What's going wrong? Why can't we depend on the vast commercial pharma industry to deliver the new treatments we need? Professor Bountra is in the ideal position to ask. He came from the drug firm GSK to lead the Structural Genomics Consortium at Oxford University, a public-private partnership that bridges academia and industry and produces data that is directly relevant for coming up with new drugs.

'What the pharma industry has done is recruit some of the smartest people on the planet, invested tens of billions in technology and infrastructure, and acquired promising companies,' he says. 'It's not that industry is doing anything wrong. The problem is that it's so difficult. The fundamental bottleneck is our ability to identify new targets for drug discovery.'

Those working in this area talk about 'targets'. If you have a biological molecule, most often a protein, that you find is critical in a disease process in the body, this is a target.

It is a target because you can throw tens and hundreds of thousands of small chemical compounds at it and see which of these would-be drugs stick. You might come away with a handful of compounds that bind your target protein and block the disease process. Now you have somewhere to start, you have some candidate drugs against this disease.

You'll want to optimise the chemical compound, do toxicology checks, and there would be years of clinical trials to determine it was safe and beneficial. But the starting point turns out to be crucial. If you don't know enough about the target and the disease process it affects, you may waste billions of pounds, years of effort and expose patients to something that may have no medical benefit – or worse, find side effects you didn't know about.

Professor Bountra explains: 'There are around 22,000 different proteins in humans, any of which could be a target for a drug. There are hundreds of diseases and hundreds of subsets of diseases. What we can't do right now is say this protein will work in this subset of Alzheimer's patients.

'Pharma is extremely good at taking a candidate drug molecule through to market. None of us – and I include the whole global biomedical community in this – is good at selecting the right target for drug discovery.'

Peter Ratcliffe, Nuffield Professor of Medicine at Oxford University, is of exactly the same mind: 'It's almost self-evident that in starting drug development you need to start in the right place. We need to have the right molecular target.'

He is the director of the new Target Discovery Institute at Oxford University, an institute whose whole purpose is validating targets for drug discovery.

Researchers have just started moving into the TDI's impressive new building on the Old Road Campus. All clean lines, sharp angles and a glass frontage to guide you in, it brings the best biologists and chemists together with the latest genetic and cell biology technologies.

 Modern biology research is delivering thousands of potential targets, Professor Ratcliffe says, but it is currently hard or impossible for scientists in pharma to know which are the most promising to pursue for new drugs.
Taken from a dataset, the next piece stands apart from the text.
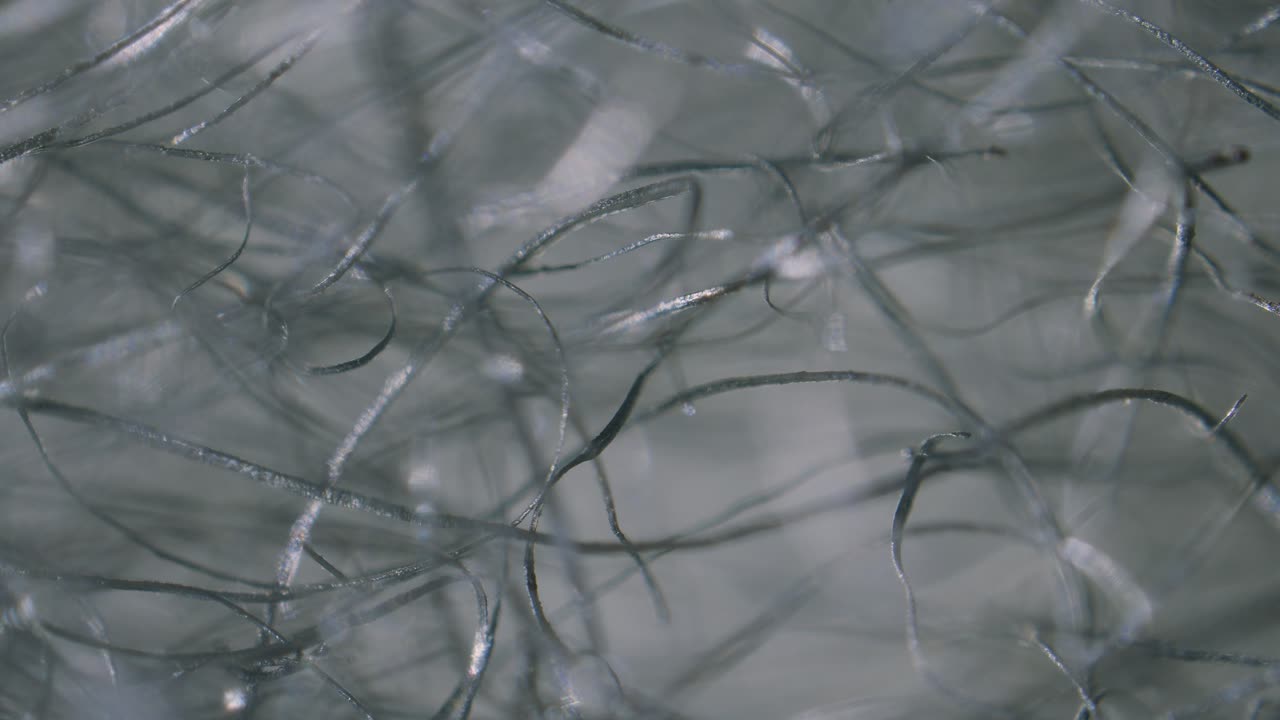 Steel wool fibers under microscope low magnification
He believes that at least a portion of academic research should be more aligned to what industry needs to take things forward.

One of the examples Professor Ratcliffe gives is a set of enzymes called histone demethylases. These are involved in switching genes on and off in cells, and drugs targeting these proteins may be useful in cancer and inflammatory disease. But this work is still at a relatively early stage and there is a lot to be done to determine the range of effects that blocking these enzymes can have, and whether discrete medical benefits can be achieved. That's where the interest of the TDI comes in.
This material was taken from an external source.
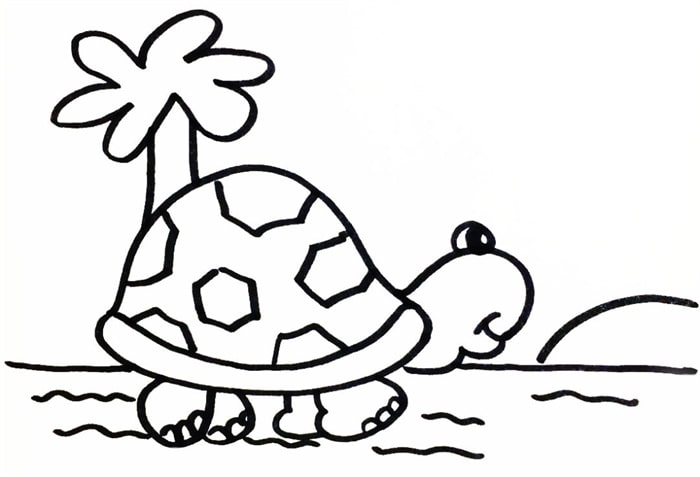 海滩边的小乌龟简笔画图片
Forging successful partnerships between academia and industry is exactly what Professor Bountra has done at the SGC. This not-for-profit group, which with academic and industry partners worldwide determines the three-dimensional structures of proteins of importance to human health, places the data in the public domain, open and free to all. Knowing the structure of a protein is important in finding candidate drugs that bind this target.

More recently, the SGC began working further along the drug discovery chain in coming up with novel chemical compounds that block target proteins. Again the data and reagents are openly available to allow anyone to investigate them. Some novel drug compounds are already being taken forward by new biotech companies.

'We need to pool the strengths of academia and industry,' Professor Bountra believes, 'to create a more efficient, more flexible way of discovering new drugs. It is only by pooling resources and by working with the best people that we can hope to reduce costs and reduce risks in this very difficult task of discovering new drugs.'

Professor Ratcliffe adds: 'The failure of drug candidates at a late stage in large-scale trials is reasonably held to be the thing killing the pharma industry. We have to secure the rationale for developing a drug in the first place, and we have to make sure we don't find untoward aspects at a late stage.'

Both professors believe that there is wider importance to the British economy, following many drug companies downsizing their research capacity in the UK. By making these projects in Oxford a success, it can bring in drug company investment, it can see new biotechnology companies spun off and help in retaining highly skilled people in this country, they say.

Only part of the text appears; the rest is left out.